I mentioned Erik Brynjolfson and Andrew McAfee's book Race Against The Machine: How the Digital Revolution is Accelerating Innovation, Driving Productivity, and Irreversibly Transforming Employment and the Economy here, in the context of an NYT article.
I ordered and read the e-book, and it is a brilliant little gem which more than repays the few dollars it costs on Kindle. I thoroughly recommend that everyone who reads this should shell out the $2.99 it costs to read their intelligent, well-cratfed and insightful little e-book.
I want to take some of its ideas sequentially. The first is a review of the literature (more or less) on what is going wrong with the labor market. They identify three main explanations:
- the cyclical explanation typfied by Paul Krugman. The main problem we have is an absence of demand.
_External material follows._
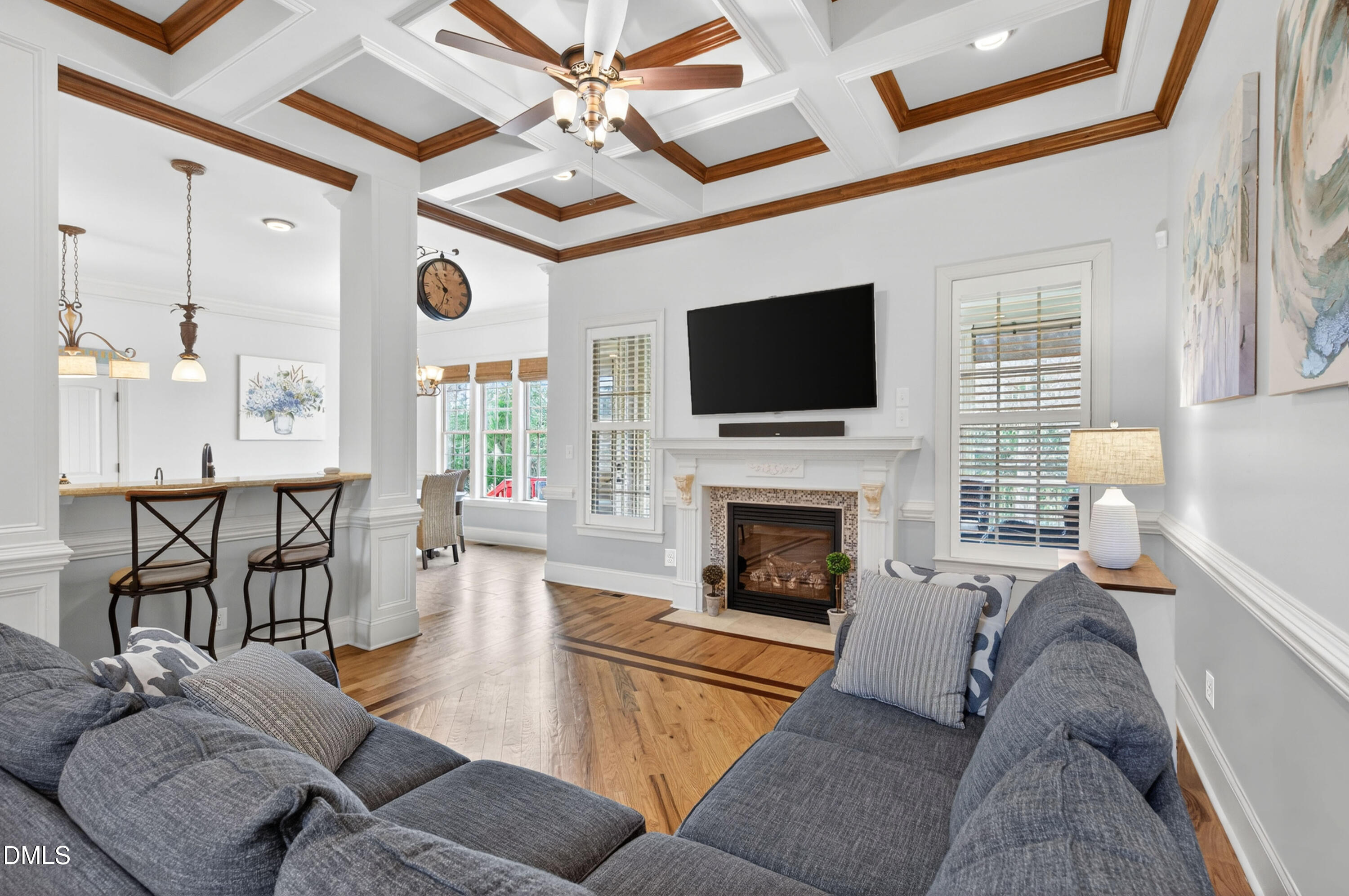 691 Hawthorne Place Creedmoor, NC 27522 - Photo 12 of 84 a living room with furniture a flat screen tv and a fireplace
- the stagnation explanation, typfied by Tyler Cowen. We've picked all the "low-hanging fruit" and technological innovation has slowed down.
- the "end of work" explanation , typified by Jeremy Rifkin's book of the same name The End of Work (which I have not covered or read, but will get to soon) which argues there is a much more deep-seated problem.
The authors come down on the side of the third explanation.
The root of our problems is not that we’re in a Great Recession, or a Great Stagnation, but rather that we are in the early throes of a Great Restructuring.
Technology may have outrun the ability of the economy and society to adjust. This is not a new observation.
The end-of-work argument has been made by, among many others, economist John Maynard Keynes, management theorist Peter Drucker, and Nobel Prize winner Wassily Leontief, who stated in 1983 that “the role of humans as the most important factor of production is bound to diminish in the same way that the role of horses in agricultural production was first diminished and then eliminated by the introduction of tractors.” In his 2009 book The Lights in the Tunnel, software executive Martin Ford agreed, stating that “at some point in the future—it might be many years or decades from now—machines will be able to do the jobs of a large percentage of the ‘average’ people in our population, and these people will not be able to find new jobs.” Brian Arthur argues that a vast, but largely invisible “second economy” already exists in the form of digital automation. The end-of-work argument is an intuitively appealing one; every time we get cash from an ATM instead of a teller or use an automated kiosk to check in at an airport for a flight, we see evidence that technology displaces human labor. ....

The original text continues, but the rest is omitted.